To Break or not to Break... Hamlet and Mortgages!


To Break or not to Break, that is the question…whether tis nobler in the mind to suffer the financial slings and arrows of outrageous break costs, and take arms with lower fixed interest rates, and by paying them….save them?

If you had to study Hamlet during college, you would have had the “To Be or Not to Be” thing drilled into you like I did! So the above section is my mortgage broker take on it!


We are at a critical time in the interest rate cycle. Fixed mortgage interest rates have stabilised over the last few weeks, and some banks have been adjusting their rates by slightly increasing their shorter term rates of 1-2 years but reducing their 3—5 year fixed interest rates. 

If we consider our attitudes towards fixed interest rates from 18 months ago, at the time we all thought that these were very good value at around 5.5-5.75%.

Since then, as we know, interest rates for the same fixed terms dropped to the low 4%’s.

A lot of borrowers that I have talked to in Tauranga, do have fixed interest rates around 5.5% p.a which are not going to be coming off their fixed rate for another year or so. They face the risk of higher fixed interest rates when they come off their current terms.

So the decision they need to make is, should they break their fixed rate term now and re-fix their mortgage for longer at a lower borrowing cost OR keep the current rate and risk a higher rate when the term matures.

To help figure this out, I thought I’d give you some ideas about how to make that decision easier.

The following can be used, as a rough calculation, in case you can’t get hold of your bank for an actual quote on the break fee.
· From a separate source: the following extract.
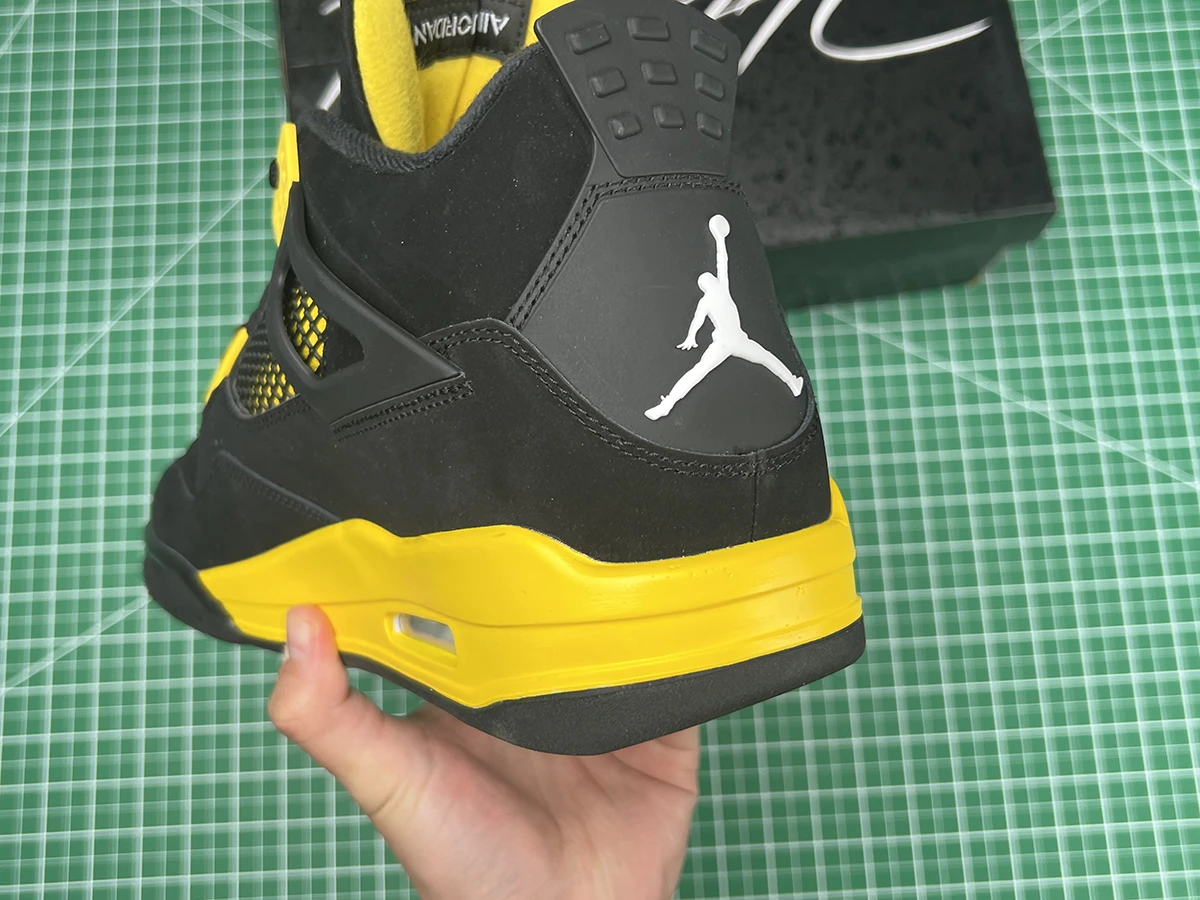 Air Jordan 4 Retro 'Thunder' 2023 Quality Reps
Now, when you break a fixed rate term loan, you will be charged a break fee, if the current mortgage interest rates are lower compared to the rate you are on.

The cost of the break fee will be calculated based on the difference between the “swap rates” at the time you fixed your rate initially, and the swap rate today for the remaining term that the bank can lend the money out for.

Remember the bank has borrowed that money to lend to you for your mortgage initially, and not charging a break fee will see the bank lose money. We can’t have that now, can we?

A little scenario...

Let's say that you fixed your rate on your $250,000 mortgage, in January 2014 for 3 years at 5.9% p.a. This costs you $14,750 per year in interest. You have had that fixed rate for 2 years and you have 1 year left to go.

To calculate the break fee, go to this site, and find out what the 3 year swap rate was 2 years ago, and what the 1 year swap rate is today. 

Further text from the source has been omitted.